When it happened to me it was straight back home for a pair of clean trousers as I was trying to enter the traffic on a busy dual carriageway. In those circumstances, you always have an eye on the mirror for what’s looming up behind while the Corsa sits there with its engine bouncing away on the limiter and taking you nowhere unless you make a quick grab for second, which you soon learn to do. Scary stuff first time out, though.
Not as scary, mind you, as the ultimate model in the VXR range, which is an Aussie muscle saloon with a Chevrolet Corvette 6.0 engine that will rip its way through BMWs like those blokes who used to shred London telephone books and blow up hot water bottles on Opportunity Knocks.
The VXR moniker is all about halo effect. The idea is that people notice them, find out what the car is, and then nip down to the showroom and buy a Corsa 1.0 Expression in white for £7,495 - even less if they possess haggling skills. They can dress it up for £800 with a VXR styling kit, although it might be so heavy by then that a 1.0 litre motor won’t actually move it far and certainly not fast.
It still makes marginally more sense than the £15,625 you’d spend on a VXR if all you want to do is run the kids to school or the impress the kids who are now sadly old enough to rescue Vauxhall Novas from scrapyards and fit Lexus lights to them because some poncey magazine has told them that this represents true style.

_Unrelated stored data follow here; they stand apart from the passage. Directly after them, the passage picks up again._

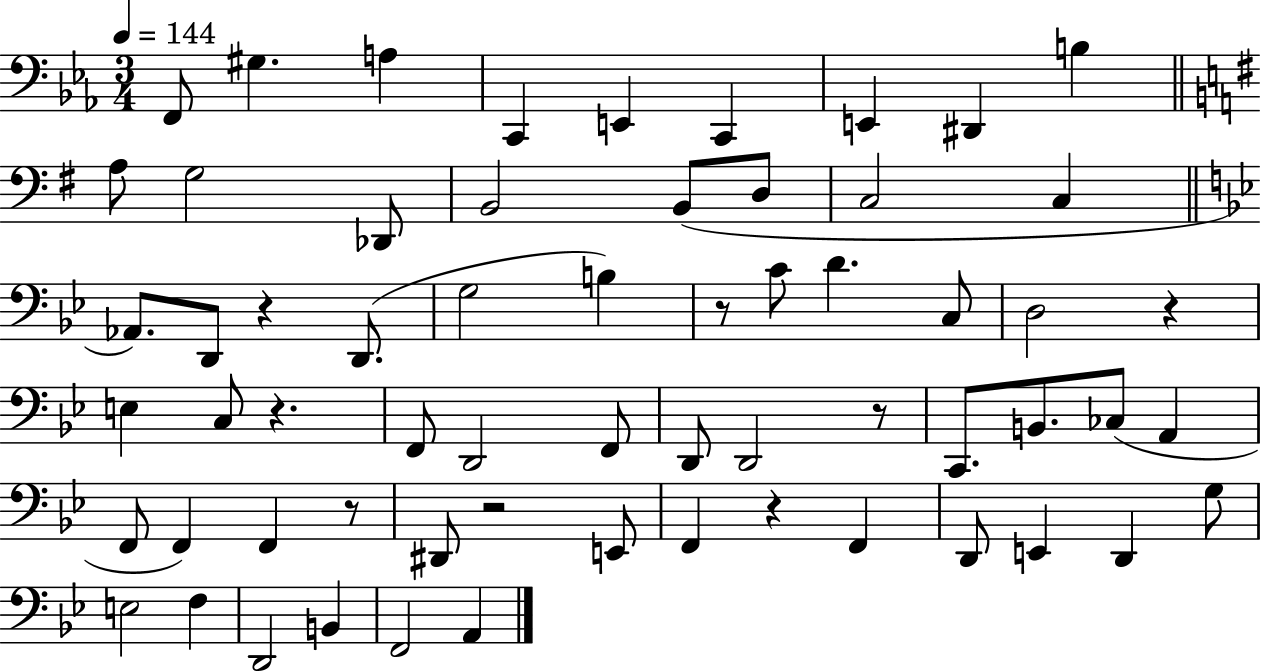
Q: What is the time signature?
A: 3/4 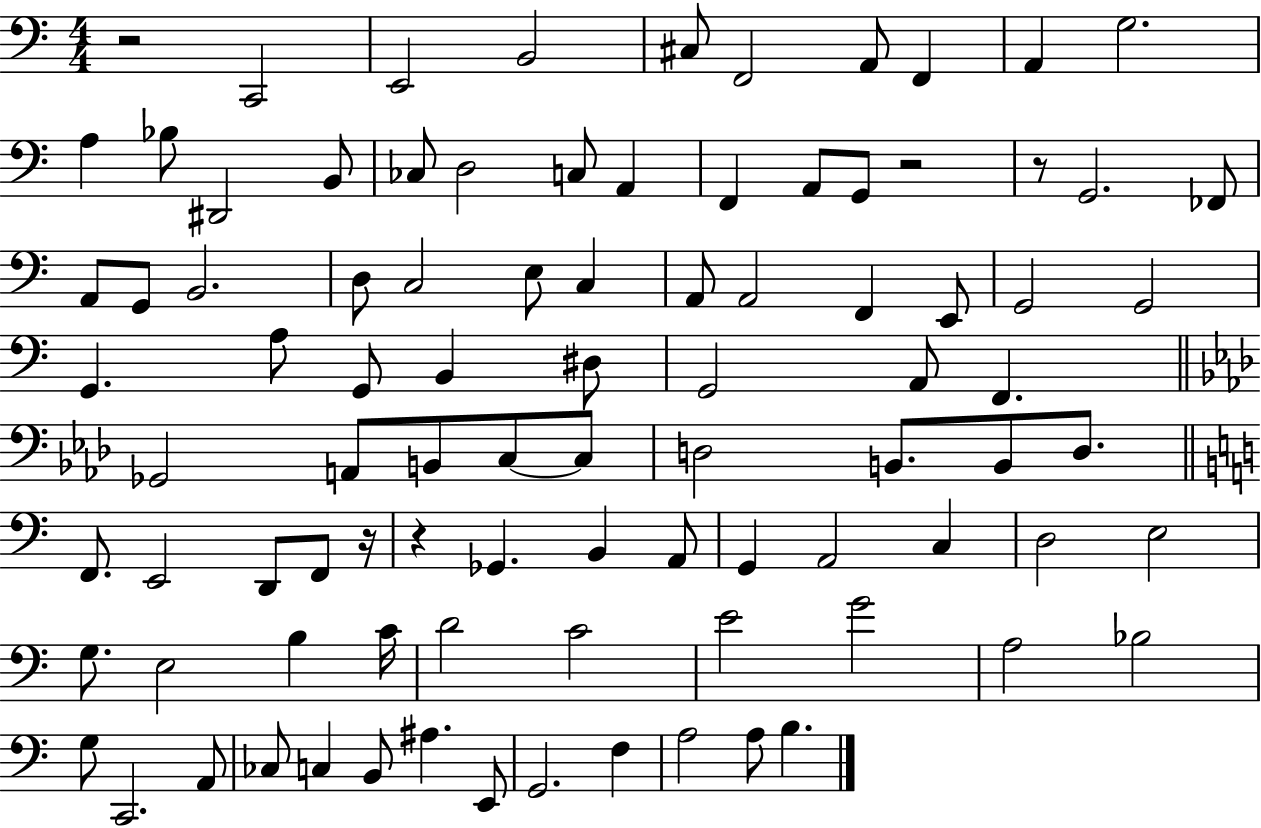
{
  \clef bass
  \numericTimeSignature
  \time 4/4
  \key c \major
  r2 c,2 | e,2 b,2 | cis8 f,2 a,8 f,4 | a,4 g2. | \break a4 bes8 dis,2 b,8 | ces8 d2 c8 a,4 | f,4 a,8 g,8 r2 | r8 g,2. fes,8 | \break a,8 g,8 b,2. | d8 c2 e8 c4 | a,8 a,2 f,4 e,8 | g,2 g,2 | \break g,4. a8 g,8 b,4 dis8 | g,2 a,8 f,4. | \bar "||" \break \key f \minor ges,2 a,8 b,8 c8~~ c8 | d2 b,8. b,8 d8. | \bar "||" \break \key c \major f,8. e,2 d,8 f,8 r16 | r4 ges,4. b,4 a,8 | g,4 a,2 c4 | d2 e2 | \break g8. e2 b4 c'16 | d'2 c'2 | e'2 g'2 | a2 bes2 | \break g8 c,2. a,8 | ces8 c4 b,8 ais4. e,8 | g,2. f4 | a2 a8 b4. | \break \bar "|."
} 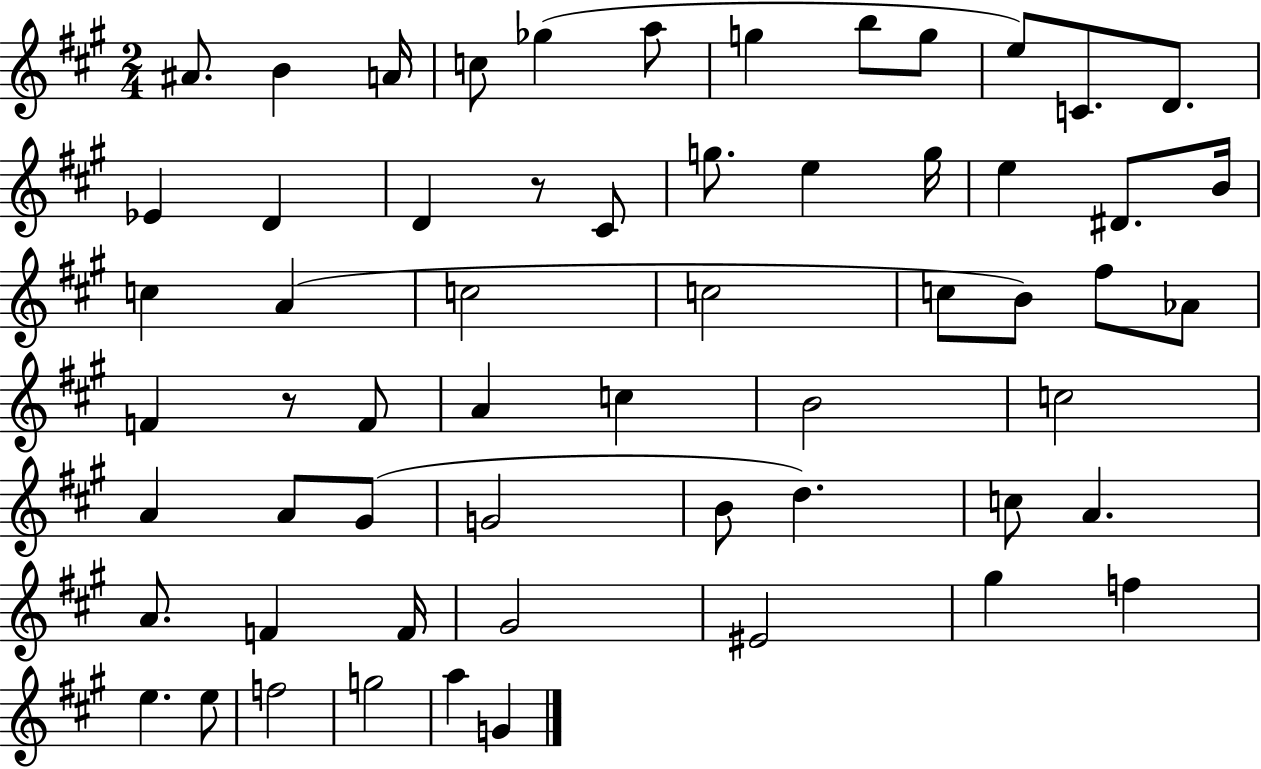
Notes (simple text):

A#4/e. B4/q A4/s C5/e Gb5/q A5/e G5/q B5/e G5/e E5/e C4/e. D4/e. Eb4/q D4/q D4/q R/e C#4/e G5/e. E5/q G5/s E5/q D#4/e. B4/s C5/q A4/q C5/h C5/h C5/e B4/e F#5/e Ab4/e F4/q R/e F4/e A4/q C5/q B4/h C5/h A4/q A4/e G#4/e G4/h B4/e D5/q. C5/e A4/q. A4/e. F4/q F4/s G#4/h EIS4/h G#5/q F5/q E5/q. E5/e F5/h G5/h A5/q G4/q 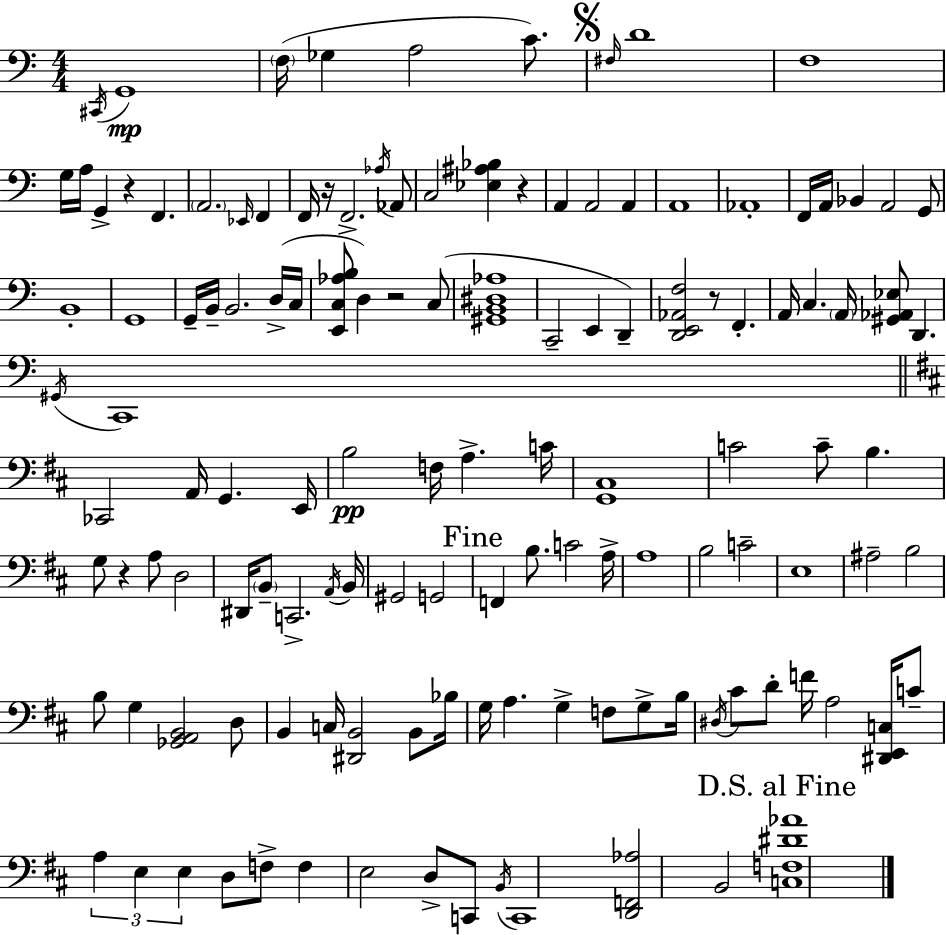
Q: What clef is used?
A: bass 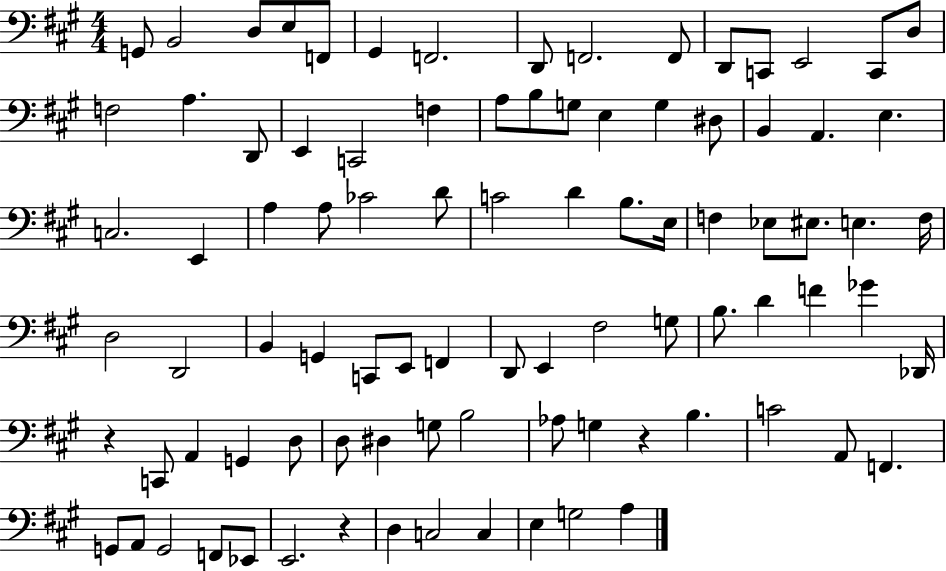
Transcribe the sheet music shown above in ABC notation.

X:1
T:Untitled
M:4/4
L:1/4
K:A
G,,/2 B,,2 D,/2 E,/2 F,,/2 ^G,, F,,2 D,,/2 F,,2 F,,/2 D,,/2 C,,/2 E,,2 C,,/2 D,/2 F,2 A, D,,/2 E,, C,,2 F, A,/2 B,/2 G,/2 E, G, ^D,/2 B,, A,, E, C,2 E,, A, A,/2 _C2 D/2 C2 D B,/2 E,/4 F, _E,/2 ^E,/2 E, F,/4 D,2 D,,2 B,, G,, C,,/2 E,,/2 F,, D,,/2 E,, ^F,2 G,/2 B,/2 D F _G _D,,/4 z C,,/2 A,, G,, D,/2 D,/2 ^D, G,/2 B,2 _A,/2 G, z B, C2 A,,/2 F,, G,,/2 A,,/2 G,,2 F,,/2 _E,,/2 E,,2 z D, C,2 C, E, G,2 A, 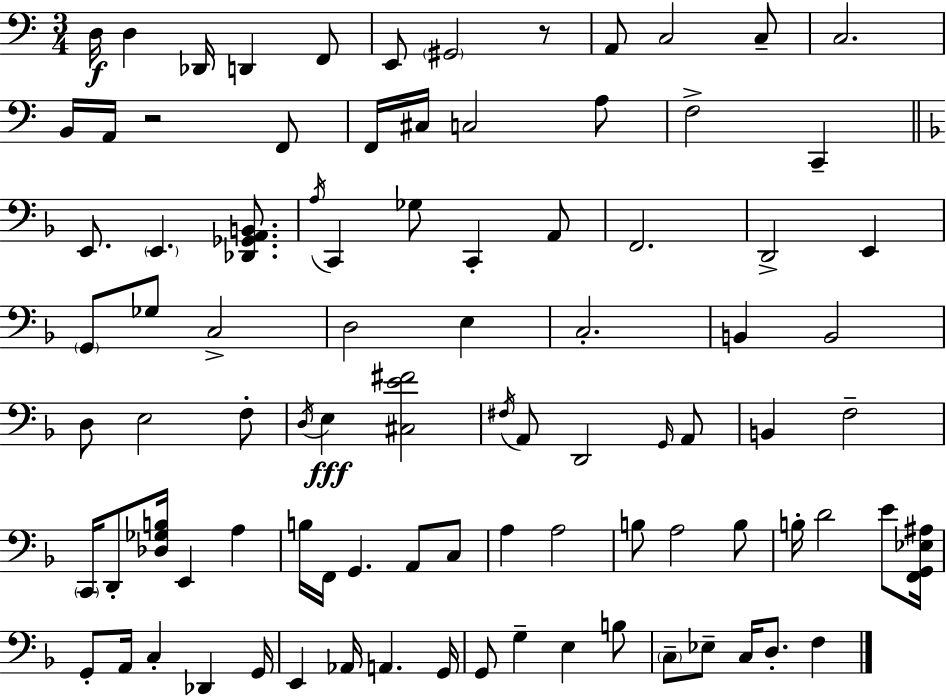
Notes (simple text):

D3/s D3/q Db2/s D2/q F2/e E2/e G#2/h R/e A2/e C3/h C3/e C3/h. B2/s A2/s R/h F2/e F2/s C#3/s C3/h A3/e F3/h C2/q E2/e. E2/q. [Db2,Gb2,A2,B2]/e. A3/s C2/q Gb3/e C2/q A2/e F2/h. D2/h E2/q G2/e Gb3/e C3/h D3/h E3/q C3/h. B2/q B2/h D3/e E3/h F3/e D3/s E3/q [C#3,E4,F#4]/h F#3/s A2/e D2/h G2/s A2/e B2/q F3/h C2/s D2/e [Db3,Gb3,B3]/s E2/q A3/q B3/s F2/s G2/q. A2/e C3/e A3/q A3/h B3/e A3/h B3/e B3/s D4/h E4/e [F2,G2,Eb3,A#3]/s G2/e A2/s C3/q Db2/q G2/s E2/q Ab2/s A2/q. G2/s G2/e G3/q E3/q B3/e C3/e Eb3/e C3/s D3/e. F3/q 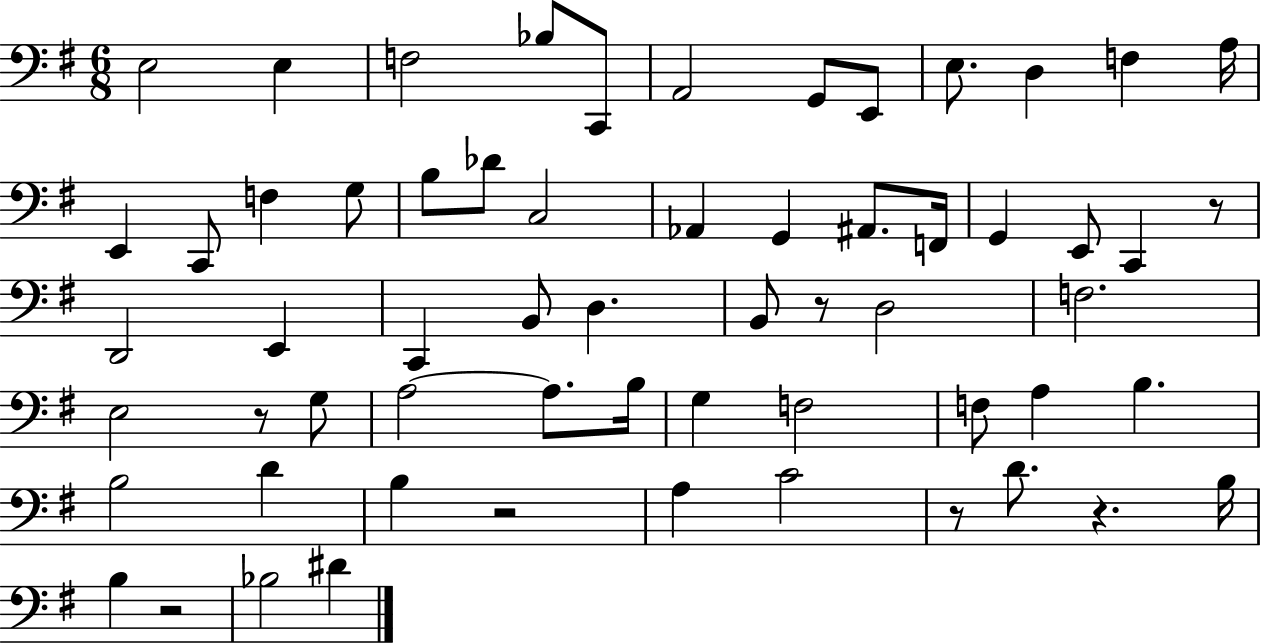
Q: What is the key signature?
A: G major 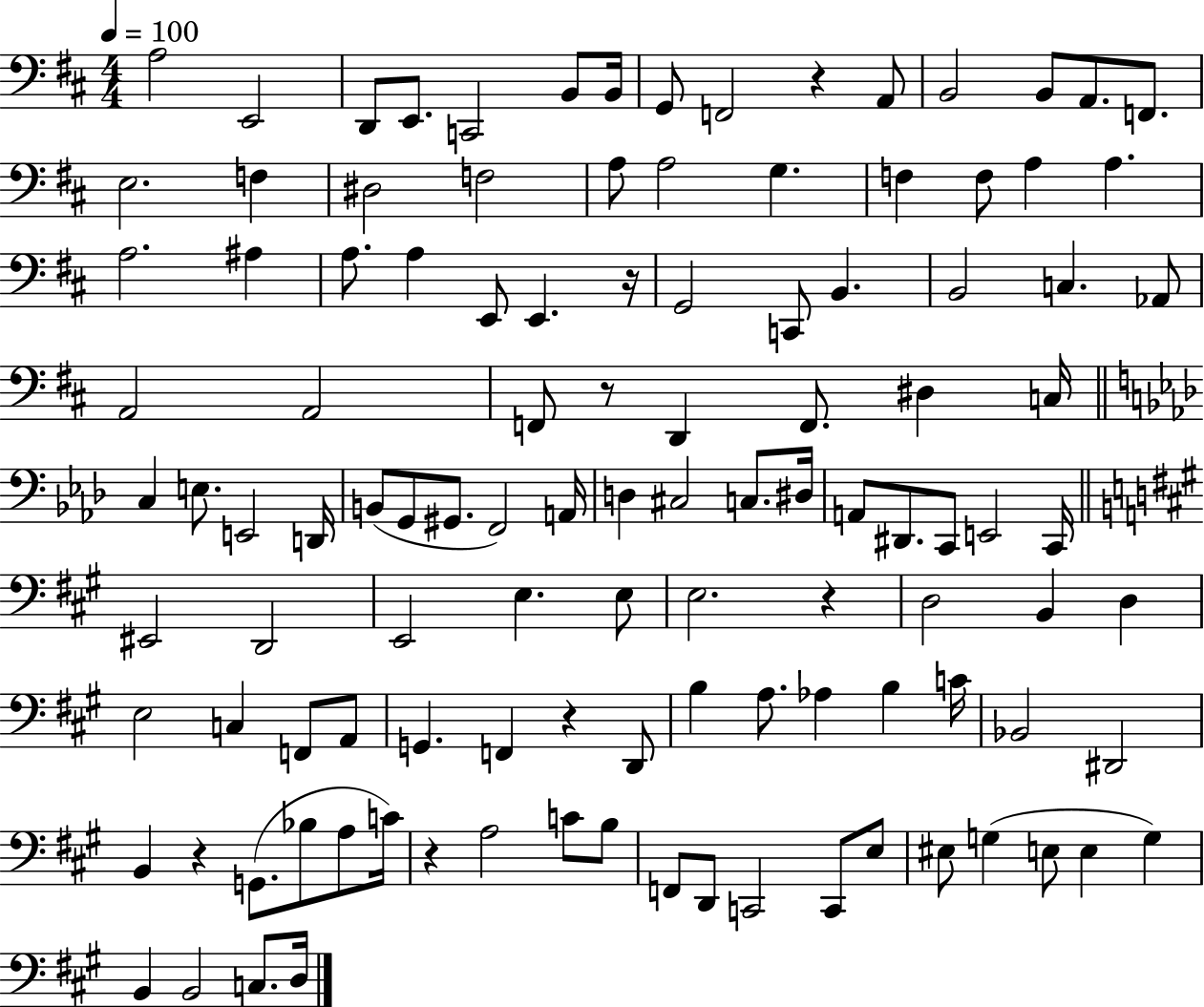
{
  \clef bass
  \numericTimeSignature
  \time 4/4
  \key d \major
  \tempo 4 = 100
  a2 e,2 | d,8 e,8. c,2 b,8 b,16 | g,8 f,2 r4 a,8 | b,2 b,8 a,8. f,8. | \break e2. f4 | dis2 f2 | a8 a2 g4. | f4 f8 a4 a4. | \break a2. ais4 | a8. a4 e,8 e,4. r16 | g,2 c,8 b,4. | b,2 c4. aes,8 | \break a,2 a,2 | f,8 r8 d,4 f,8. dis4 c16 | \bar "||" \break \key aes \major c4 e8. e,2 d,16 | b,8( g,8 gis,8. f,2) a,16 | d4 cis2 c8. dis16 | a,8 dis,8. c,8 e,2 c,16 | \break \bar "||" \break \key a \major eis,2 d,2 | e,2 e4. e8 | e2. r4 | d2 b,4 d4 | \break e2 c4 f,8 a,8 | g,4. f,4 r4 d,8 | b4 a8. aes4 b4 c'16 | bes,2 dis,2 | \break b,4 r4 g,8.( bes8 a8 c'16) | r4 a2 c'8 b8 | f,8 d,8 c,2 c,8 e8 | eis8 g4( e8 e4 g4) | \break b,4 b,2 c8. d16 | \bar "|."
}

The VXR driving experience is something you can savour in the right circumstances, nevertheless. Blast away down back routes in the Corsa, making the best of a 1.6 litre turbocharged engine offering up to 190 bhp and 196 lb ft of torque - enough to shred the front tyres through which it feeds to the road - and you’ll have real fun.
The car is compact enough to fit through small gaps and has the type of stopping power you need when the engine has this much go. I’m not so sure I’d have one in the black paint of the test car, though, as combined with the dark interior it all becomes a little to overwhelming.
And overwhelmed is how many other drivers will feel when they see what the Corsa VXR can do. It’ll also provide up to 34 mpg, which thankfully will underwhelm your credit card.
Maurice Hardy
Annette's View
Small cars are really all most of us need nowadays even when we want to have a bit of a blast.
I’m sure that eventually many people will come to the conclusion that as, for most of the time, we only have one or two people on board it makes sense to run a small car and hire something larger for the odd occasion where masses of space is required.
Certainly a car like the Vauxhall Corsa would do it for me, although I would want a five door, which you can’t have at present in the VXR format. There are other drawbacks to the VXR, such as the Group 16 insurance.
And while the central triangular exhaust, very much a concept car feature, has made it to production (Ford cheated on the StreetKa by turning this original design feature into a circular reversing lamp) it does mean you can’t take advantage of the optional built-in bike rack feature which many outdoor loving VXR buyers might have found useful.
Overall, though, it’s a good package. The shell-backed front Recaro seats look and feel right and overall finish is good. And you won’t really need the £1,000 leather trim option of the test car. Sometimes it’s great to be a hooligan again, if only for a short time.
Car: Vauxhall Corsa VXR 1.6 turbo
Does it fit your ego?...
0-60 mph: 6.8 secs
Top speed: 140 mph
Bhp: 190 @ 5850 rpm
Torque: 196 lb ft @ 1980 - 5800 rpm
...and your wallet?...
Price: £15,625
Urban: 26.9 mpg
Extra urban: 44.1 mpg
Combined: 35.8 mpg
CO2 emissions: 190 g/km
Insurance Group: 16
Best bits: small but perfectly formed package; big-hearted performance; stuffs students in Saxos.